In our journey together, my friends, I’m grateful the Biblical record of human history is honest and does not gloss over tragedy caused by people, even God’s people, refusing God’s warnings.
Yesterday we stood at the potter’s workshop in Jerusalem and listened as the courageous prophet Jeremiah told us what God’s message was that he was to proclaim to the kings and the people of Jerusalem 2600 years ago. As we saw, God also, sadly, informed Jeremiah that the people would not listen to him.
In fact, God was accurate in His prediction, as He always is. Jeremiah 18:18 records this response of the people: “They said, ‘Come let’s make plans against Jeremiah…let’s attack him with our tongues and pay no attention to anything he says.” In our day it’s called the ‘cancel culture’. It’s blasting a person on social media with such a vicious attack that their reputation is destroyed, and no one will listen to anything they say. That’s what happened to Jeremiah who was attempting to faithfully proclaim the messages he received from God.
God was watching then as He is now, and as the people rejected Jeremiah’s claim that his words were messages directly from God; as the people of Jerusalem even more enthusiastically embraced the idol worship and lifestyles of the wicked nations around them; God took action.
Look with me at the record of what God did in 2 Kings 24:10 “At that time the officers of Nebuchadnezzar king of Babylon advanced on Jerusalem and laid siege to it, and Nebuchadnezzar himself came up to Jerusalem while his officers were besieging it. In the eighth year of the reign of the king of Babylon, Jehoiachin king of Judah in Jerusalem, along with his nobles and officials all surrendered to King Nebuchadnezzar...”
The 8th year of Nebuchadnezzar’s reign was 597bc, only a few months after Jeremiah had given Jerusalem God’s message from the potter’s house as recorded in Jeremiah 18. Do we understand what the siege of a city is, my friends? It means the enemy army encircled Jerusalem, and no one went in or out without their permission. It means no food from the farms was permitted into the city. It means within only weeks life in Jerusalem turned to desperation survival, which is why, at the demand of the Jewish people, their king Jehoiachin surrendered himself and the city of Jerusalem to Nebuchadnezzar and his great army. What Jeremiah had predicted was happening right before the eyes of those who had refused Jeremiah’s message!

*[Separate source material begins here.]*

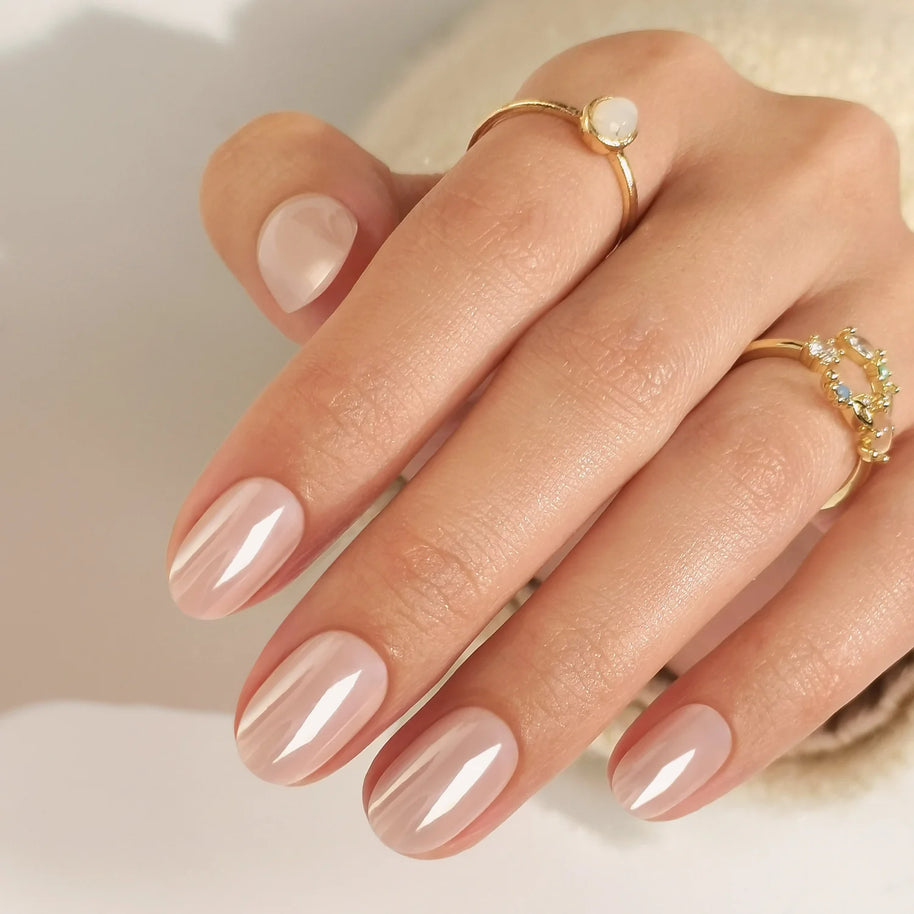 Sable Aurora — Ovale Beige Glazed | ONAILZ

Please understand this is now the second time King Nebuchadnezzar and his army have come to Jerusalem and laid siege to it and taken a Jewish king captive. It happened 8 years before in 605bc and that time young Daniel was one of the captives taken by Nebuchadnezzar back to Babylon. This time, 8 years later, Nebuchadnezzar does it again.
Listen to the record of 2 Kings 24:13 “As the LORD had declared, Nebuchadnezzar removed the treasures from the temple of the LORD and from the royal palace and cut up the gold articles that King Solomon had made for the temple of the LORD. Nebuchadnezzar carried all Jerusalem into exile: all the officers and the fighting men, and all the skilled workers and artisans – a total of 10,000 people. Only the poorest people of the land were left…”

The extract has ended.